» **Collected material**
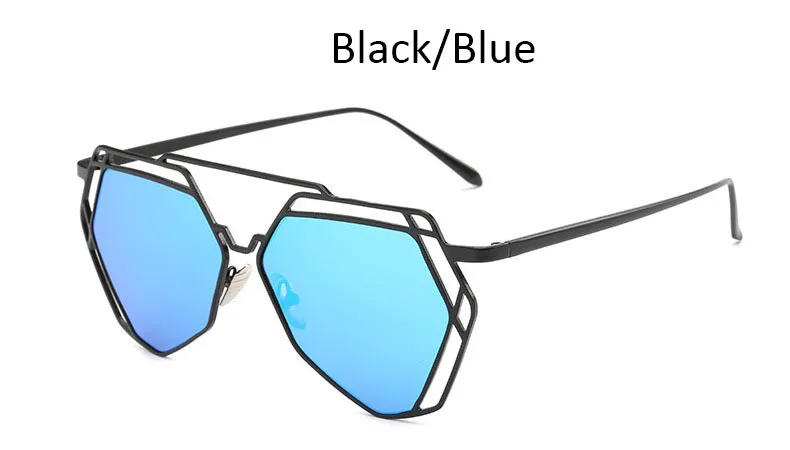 Black Blue Роскошные зеркальные женские солнцезащитные очки пилота, негабаритные винтажные Роскошные брендовые солнцезащитные очки с металлической оправой, женские солнцезащитные очки UV400 - Цвет линз: Black Blue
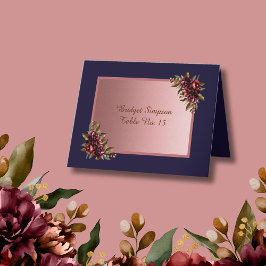 Navy Blue Rose Gold script  pink Floral Guest Card サンキューカード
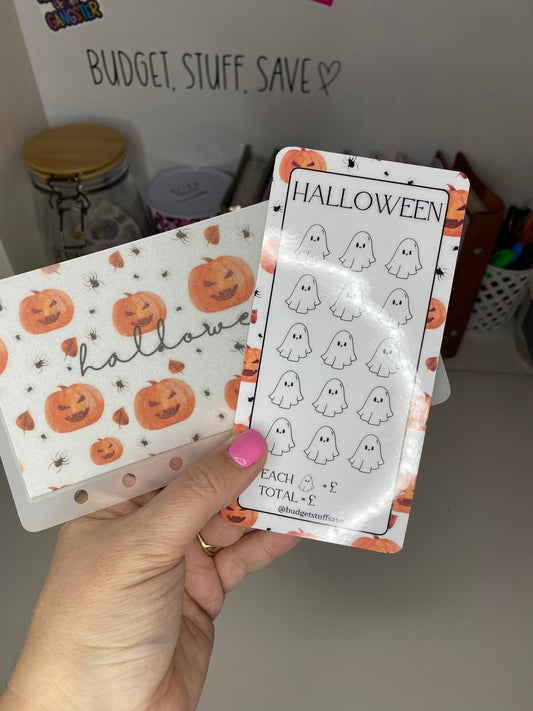 Halloween Savings Tracker and Vellum Wallet  , Cash Stuffing, Budget Binder Trackers, Save Money, Budgeting, Challenges, Trick or Treat,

» **Task brief**
Exact copies of the lines from the one containing "Navy Blue Rose" through the final line of the data are required; pictures are to be omitted.

» **Reply to the exercise**
 Navy Blue Rose Gold script  pink Floral Guest Card サンキューカード
 Halloween Savings Tracker and Vellum Wallet  , Cash Stuffing, Budget Binder Trackers, Save Money, Budgeting, Challenges, Trick or Treat,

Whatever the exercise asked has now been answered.